Structural Racism and Lessons Not Heard: A Rapid Review of the Telepsychiatry Literature During the COVID-19 Public Health Emergency

Prim Care Companion CNS Disord. 2023 Nov 2;25(6):23r03563. doi: 10.4088/PCC.23r03563.

Abstract

Objective: To assess the extent to which articles examining telepsychiatry after the start of the COVID-19 pandemic provided racial and sociodemographic characteristics for people receiving audiovisual (video) versus audio-only telepsychiatry.

Data Sources, Study Selection, and Data Extraction: We employed the keyword telepsychiatry and screened all peer-reviewed articles in PubMed published from March 1, 2020, until November 23, 2022, prior to the federal government's announcement of the impending end to the COVID-19 public health emergency. We retrieved and reviewed the full-text articles of 553 results for potential inclusion, of which 266 were original research articles.

Results: We found that 106 of 553 articles had any mention of differences between audio-only and audiovisual telepsychiatry. Twenty-nine of 553 articles described potential socioeconomic differences in the distribution of people receiving audio-only versus audiovisual telepsychiatry, and 20 of 553 described potential racial/ethnic differences. Among research articles, most (213/266) did not differentiate between videoconferencing and audio-only/telephone-based telehealth services.
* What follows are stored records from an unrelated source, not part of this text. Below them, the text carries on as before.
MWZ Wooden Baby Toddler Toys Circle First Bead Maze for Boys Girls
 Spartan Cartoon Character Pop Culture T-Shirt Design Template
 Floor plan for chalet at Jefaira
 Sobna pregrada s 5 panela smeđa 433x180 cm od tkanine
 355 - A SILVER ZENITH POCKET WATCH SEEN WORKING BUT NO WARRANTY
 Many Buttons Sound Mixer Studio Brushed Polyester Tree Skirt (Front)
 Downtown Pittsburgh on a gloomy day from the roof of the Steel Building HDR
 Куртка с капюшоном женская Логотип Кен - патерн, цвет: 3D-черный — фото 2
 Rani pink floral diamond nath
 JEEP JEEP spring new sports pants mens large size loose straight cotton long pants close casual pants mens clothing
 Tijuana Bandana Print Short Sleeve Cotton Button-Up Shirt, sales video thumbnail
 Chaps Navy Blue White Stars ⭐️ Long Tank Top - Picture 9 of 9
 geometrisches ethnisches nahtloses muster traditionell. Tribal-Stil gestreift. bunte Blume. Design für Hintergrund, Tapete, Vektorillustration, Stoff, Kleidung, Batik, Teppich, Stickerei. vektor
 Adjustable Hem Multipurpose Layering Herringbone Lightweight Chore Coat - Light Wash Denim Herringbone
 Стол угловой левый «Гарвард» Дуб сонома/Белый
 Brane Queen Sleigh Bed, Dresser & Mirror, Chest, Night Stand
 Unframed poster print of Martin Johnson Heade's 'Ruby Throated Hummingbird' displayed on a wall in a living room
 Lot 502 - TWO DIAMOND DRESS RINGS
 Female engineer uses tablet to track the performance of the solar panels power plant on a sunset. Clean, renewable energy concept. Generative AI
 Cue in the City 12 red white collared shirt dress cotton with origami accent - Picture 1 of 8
A total of 4 research articles provided racial and sociodemographic characteristics of individuals who received audio-only versus audiovisual telepsychiatry services during the COVID-19 pandemic, all of which were conducted in relatively small regional samples that could not be generalized to the US as a whole.

Conclusions: Overall, this analysis underscores that empirical data are lacking on racial and sociodemographic distribution of audio-only versus audiovisual telepsychiatry services since the COVID-19 pandemic.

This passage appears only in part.